[Mesa-dev] [PATCH 2/8] gallium/tgsi: start adding hw atomics (v3)

Tue Nov 7 16:43:00 UTC 2017

On 07.11.2017 17:25, Nicolai Hähnle wrote:
> On 07.11.2017 07:31, Dave Airlie wrote:
>> diff --git a/src/gallium/docs/source/tgsi.rst 
>> b/src/gallium/docs/source/tgsi.rst
>> index 1a51fe9..0c331f2 100644
>> --- a/src/gallium/docs/source/tgsi.rst
>> +++ b/src/gallium/docs/source/tgsi.rst
>> @@ -2638,9 +2638,11 @@ logical operations.  In this context atomicity 
>> means that another
>>   concurrent memory access operation that affects the same memory
>>   location is guaranteed to be performed strictly before or after the
>>   entire execution of the atomic operation. The resource may be a BUFFER,
>> -IMAGE, or MEMORY.  In the case of an image, the offset works the same 
>> as for
>> -``LOAD`` and ``STORE``, specified above. These atomic operations may
>> -only be used with 32-bit integer image formats.
>> +IMAGE, ATOMIC, or MEMORY.  In the case of an image, the offset works
>> +the same as for ``LOAD`` and ``STORE``, specified above. For atomic
>> +counters, the offset is an immediate index to the base hw atomic
>> +counter for this operation.
>> +These atomic operations may only be used with 32-bit integer image 
>> formats.
>>   .. opcode:: ATOMUADD - Atomic integer addition
>> @@ -3440,7 +3442,6 @@ TGSI_SEMANTIC_SUBGROUP_LT_MASK
>>   A bit mask of ``bit index < TGSI_SEMANTIC_SUBGROUP_INVOCATION``, i.e.
>>   ``(1 << subgroup_invocation) - 1`` in arbitrary precision arithmetic.
>> -
> 
> Stray whitespace change.
> 
> 
>>   Declaration Interpolate
>>   ^^^^^^^^^^^^^^^^^^^^^^^
>> @@ -3517,6 +3518,31 @@ accessing a misaligned address is undefined.
>>   Usage of the STORE opcode is only allowed if the WR (writable) flag
>>   is set.
>> +Hardware Atomic Register File
>> +^^^^^^^^^^^^^^^^^^^^^^^^^^^^^
>> +
>> +Hardware atomics are declared as a 2D array with an optional array id.
>> +
>> +The first member of the dimension is the buffer resource the atomic
>> +is located in.
>> +The second member is a range into the buffer resource, either for
>> +one or multiple counters. If this is an array, the declaration will have
>> +an unique array id.
>> +
>> +Each counter is 4 bytes in size, and index and ranges are in counters 
>> not bytes.
>> +DCL ATOMIC[0][0]
>> +DCL ATOMIC[0][1]
>> +
>> +This declares two atomics, one at the start of the buffer and one in the
>> +second 4 bytes.
>> +
>> +DCL ATOMIC[0][0]
>> +DCL ATOMIC[1][0]
>> +DCL ATOMIC[1][1..3], ARRAY(1)
>> +
>> +This declares 5 atomics, one in buffer 0 at 0,
>> +one in buffer 1 at 0, and an array of 3 atomics in
>> +the buffer 1, starting at 1.
> 
> My understanding is that these ranges could be highly non-contiguous, 
> right? I.e., you could have
> 
> DCL ATOMIC[0][15]
> DCL ATOMIC[0][8423..8430], ARRAY(1)
> DCL ATOMIC[0][25112]
> 
> ... corresponding to the offsets in the GLSL shader. The doc should 
> really point this out explicitly. Also, this might cause trouble because 
> the TGSI range tokens don't have enough bits to represent high offsets.

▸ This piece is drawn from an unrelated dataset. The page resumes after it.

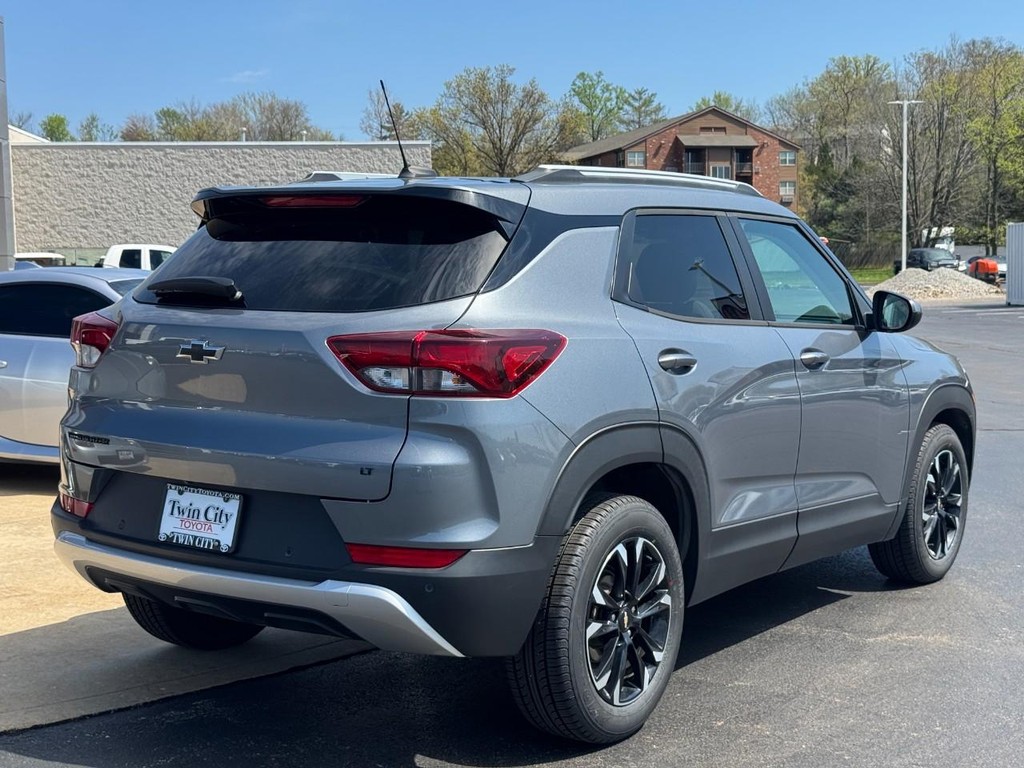 Chevrolet TrailBlazer Vehicle Image 3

Thinking about it some more, here's one way to deal with it. Have 
st_glsl_to_tgsi pack the the indices (by keeping track of the number of 
counters per atomic counter buffer), and then add an "atomic counter 
offset" dword to the TGSI. The decls above could become:

   DCL ATOMIC[0][0], OFFSET(25112)
   DCL ATOMIC[0][1..8], OFFSET(8423), ARRAY(1)
   DCL ATOMIC[0][9], OFFSET(15)

(the point is the order of TGSI indices doesn't matter outside of 
counter arrays)

The driver would then compute the number of counters per HW atomic 
counter buffer to assign on-chip HW atomic memory during compile time, 
and then copy memory from the given offsets to the on-chip HW atomic 
memory as part of state validation before draws and dispatches.

Cheers,
Nicolai
-- 
Lerne, wie die Welt wirklich ist,
Aber vergiss niemals, wie sie sein sollte.